Guthrie launched from his chair. “Was that…gunshots?” he said.

Dr. Kennedy’s office door opened, and Bernard calmly strode into the outer office, closing the door behind him with his left hand, holding a distinctive German Luger pistol that was partially obscured under his coat with the right. A sickening sulfurous smell followed him.

Guthrie started toward the professor, but Bernard raised the gun at the veteran. In the next instant, his left hand instinctively jolted toward his eyeglasses, which had faint red specks on the lenses.

Everyone froze for a bizarre two seconds of silence before Bernard walked past them into the hallway.

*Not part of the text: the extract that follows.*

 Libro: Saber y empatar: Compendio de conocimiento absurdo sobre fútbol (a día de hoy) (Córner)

Grace rushed to Kennedy’s door and saw him splayed like a marionette with clipped strings on the floor beside his desk. His head rested at an odd angle of contortion against a radiator on the wall. He had a small, almost bloodless hole above his right eye. In contrast, a jagged crevasse where his nose was supposed to be bled like an open floodgate down his face, crimson staining the white, starched collar of his shirt. His right hand was also bloody and mangled; the bullet had obviously torn through it when he tried to cover his face in self-defense. Droplets of blood covered the photo of President Kennedy on the newspaper lying across his desk.

“He’s been shot!” Grace choked out, stating the obvious.

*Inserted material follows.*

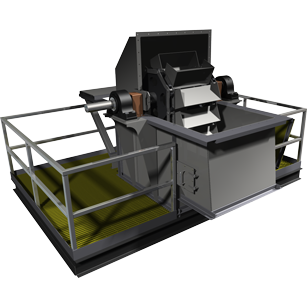Elevador de canecas Martin de descarga contínua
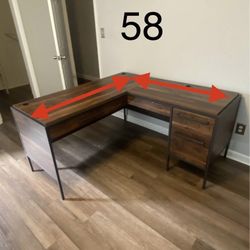 Beautiful L- Shaped Desk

Mackey burst into the room, saw Kennedy, and threw up on his own shoes.

“I knew they was gunshots,” Guthrie said, whistling and patting his pockets for a pack of cigarettes.

***

Dottie heard what sounded liked a series of thumping sounds from downstairs, but she thought little of it. She continued typing her memo until Dr. Bernard, who had calmly slipped into the room and up to her desk, interrupted her. She noted that he was wearing his overcoat and was wiping his eyeglass lenses with a monogrammed handkerchief. “Oh, Dr. Bernard, you startled me.”

Bernard didn’t look at her; he simply continued to clean his glasses. “He in?”

“Um, yes he is. You can go on in if you’d like,” she said, keenly aware of Keillor’s open-door policy with faculty, even faculty whose contracts had been terminated effective the end of semester.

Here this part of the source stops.